Generalization and Similarity in Exemplar Models of Categorization: Insights from Machine Learning

Article excerpt

Exemplar theories of categorization depend on similarity for explaining subjects' ability to generalize to new stimuli. A major criticism of exemplar theories concerns their lack of abstraction mechanisms and thus, seemingly, of generalization ability. Here, we use insights from machine learning to demonstrate that exemplar models can actually generalize very well. Kernel methods in machine learning are akin to exemplar models and are very successful in real-world applications. Their generalization performance depends crucially on the chosen similarity measure. Although similarity plays an important role in describing generalization behavior, it is not the only factor that controls generalization performance. In machine learning, kernel methods are often combined with regularization techniques in order to ensure good generalization. These same techniques are easily incorporated in exemplar models. We show that the generalized context model (Nosofsky, 1986) and ALCOVE (Kruschke, 1992) are closely related to a statistical model called kernel logistic regression. We argue that generalization is central to the enterprise of understanding categorization behavior, and we suggest some ways in which insights from machine learning can offer guidance.

Intuitive definitions of categorization tend to invoke similarity, in that objects that are similar are grouped together in categories. Within a category, similarity is very high, whereas between categories, similarity is low. Similarity is at the heart of many categorization models. Prototype theories postulate that categorization depends on the similarity of stimuli to an abstracted idea (Posner & Keele, 1968; Reed, 1972), and exemplar theories calculate similarity to memory representations of previously encountered stimuli (Kruschke, 1992; Medin & Schaffer, 1978; Nosofsky, 1986). A potential problem for these models is that they put the burden of explanation onto the intuitive concept of similarity. Despite serious problems hi defining similarity (Medin, Goldstone, & Gentner, 1993), models of categorization continue to rely on similarity.

The appeal of invoking similarity in categorization models stems from the need to generalize. Given a stimulus that has never been encountered before, how can it be categorized correctly on the basis of limited experience with previous stimuli? An easy answer seems to be that a new stimulus is simply categorized in the same way as similar stimuli have been before. Correct generalization to new stimuli thus depends crucially on choosing the right similarity measure. Shepard (1987) famously turned this reasoning around and used generalization to measure similarity. He also tried to deduce a similarity measure such that generalization performance likely would be good (Chater & Vitanyi, 2003; Shepard, 1987; Tenenbaum & Griffiths, 2001).
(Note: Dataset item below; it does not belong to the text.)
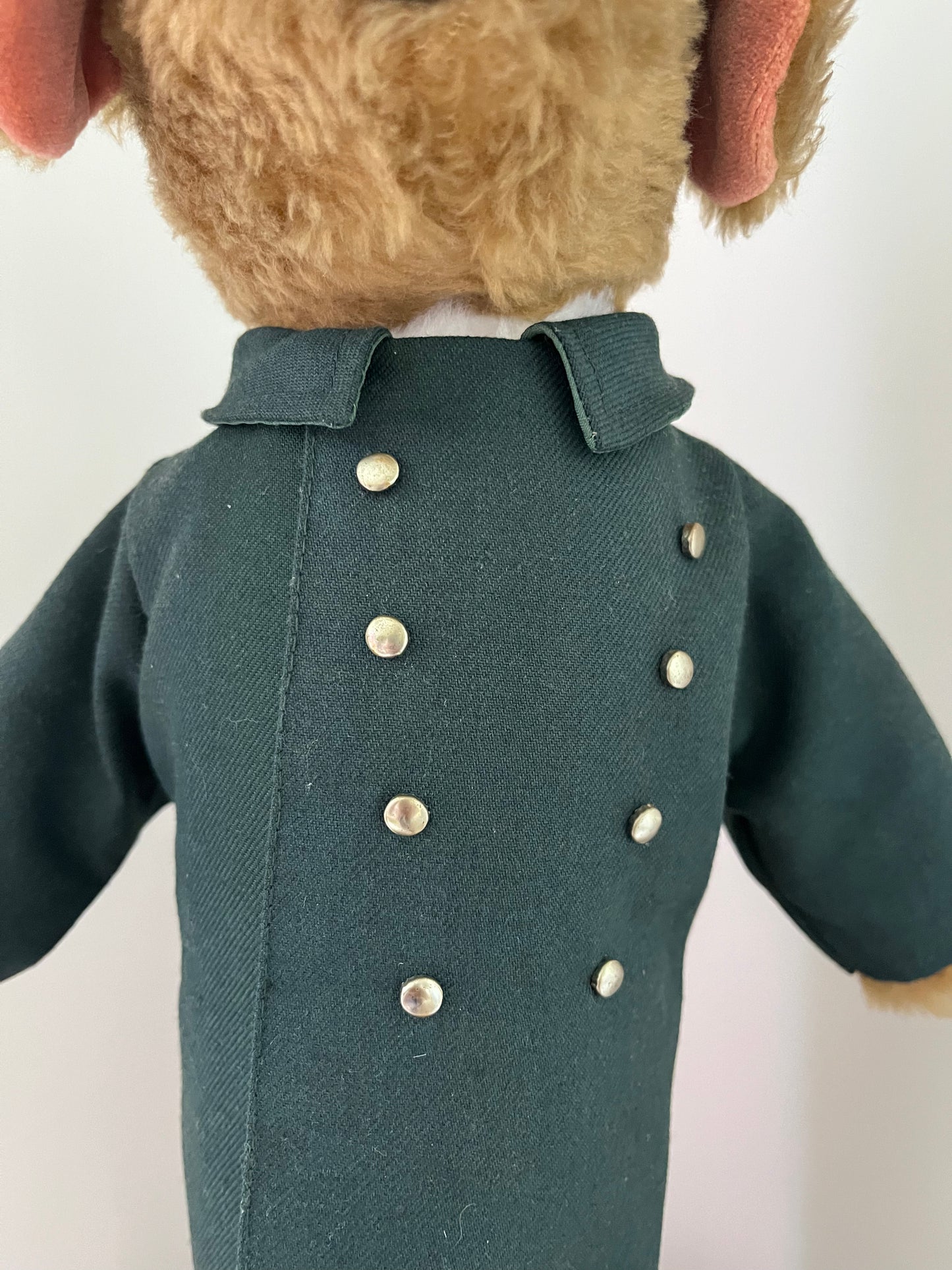 Harrods Vintage 1950's Doorman Doorstop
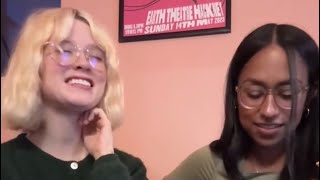 Jensen McRae - Mother Wound ft. Maisie Peters (Live)(Lyrics)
In Shepard's work, the idea of a perceptual space has played a major role. The similarity measure he suggested, often called Shepard's universal law of generalization (or simply Shepard's law), operates on a mental representation assumed to be a metric space. Shepard's work on generalization and similarity (e.g., Shepard, 1957, 1987) cannot be separated from his work on categorization (e.g., Shepard & Chang, 1963; Shepard, Hovland, & Jenkins, 1961) and multidimensional scaling (MDS; e.g., Shepard, 1962). Since this work, it has become common for perceptual categorization models to assume a perceptual space and to use Shepard's law as a similarity measure in this space (Kruschke, 1992; Love, Medin, & Gureckis, 2004; Nosofsky, 1986). Exemplar models in particular strongly rely on Shepard's work. These models are very similar to a class of popular tools in machine learning and statistics: kernel methods. This observation was first made by Ashby and Alfonso-Reese (1995). Here, we draw parallels between recent progress in kernel methods and exemplar theories of categorization. …